5. Insert queries of step.4 in respected tables in archived db with same table names. ie, in short, archiving some part of the data to archive DB.
How I am doing:
For each table, whenever got the rows, created insert statement and storing in specific arrays for each table. Once fetched all values till step 3, creating insert statement and storing in array. Then running loops for each separate arrays and executing these queries archived DB. Once queries executed successfully, deleting all fetched rows from main db, then committing the transaction.
Result:
So far the above approach worked very well with small DB of size around 10-20mb data.
Issue:
For larger number of rows(say more than 5gb), the php is throwing memory exhaust error while fetching rows and hence not working in Production.

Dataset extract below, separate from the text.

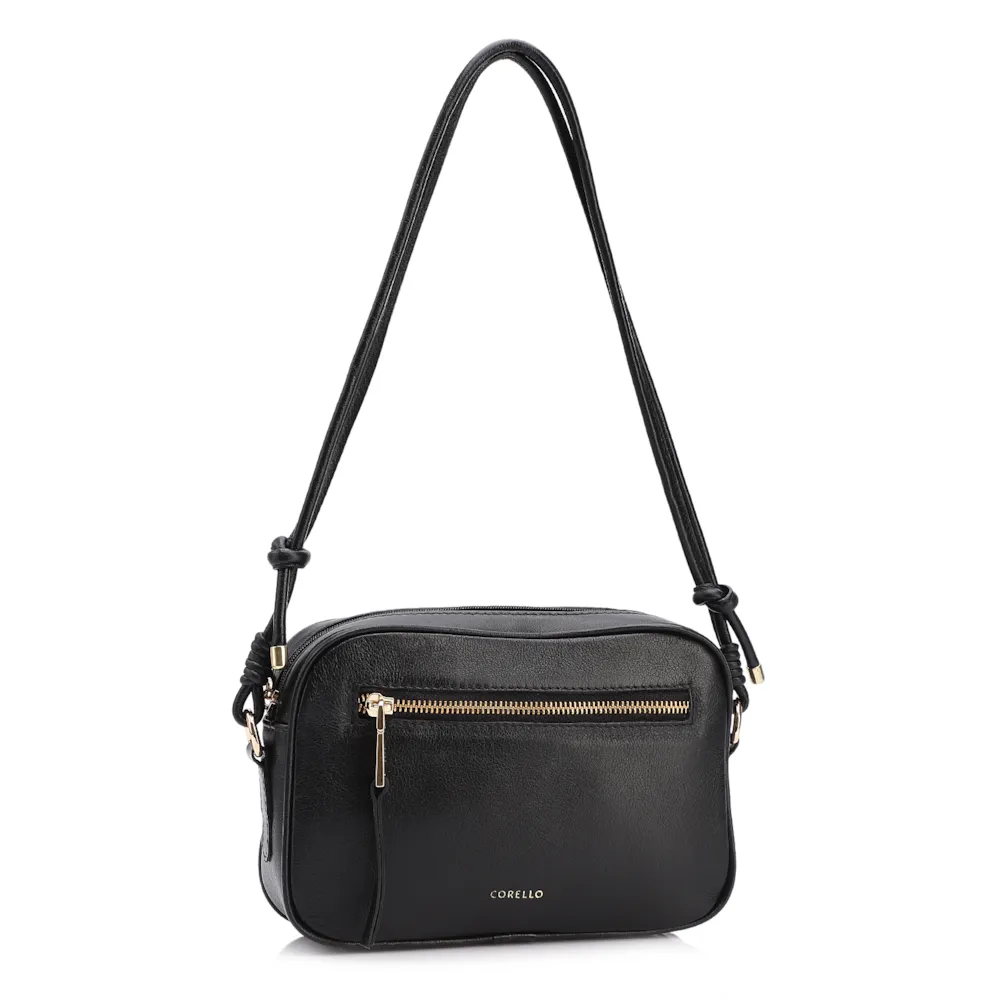Bolsa Transversal Couro Preto - imagem 2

Even I have increased memory limit till 3gb. I dont want to increase it more.
Alternate solution what I am thinking is, instead of using arrays to store queries, store these queries in files, and then internally use infile command to execute queries to archive DB.
Please suggest how to achieve above issue? once moved to archive DB, there are requirements to move back to main DB with similar functionality.

There are two keys to handling large result sets.
The first is to stream the result set row by row. Unless you specify this explicitly, the php APIs for MySQL immediately attempt to read the entire result set from the MySQL server into client memory, then navigate through that row by row. If your result set has tens or hundreds of thousands of rows, this can make php run out of memory.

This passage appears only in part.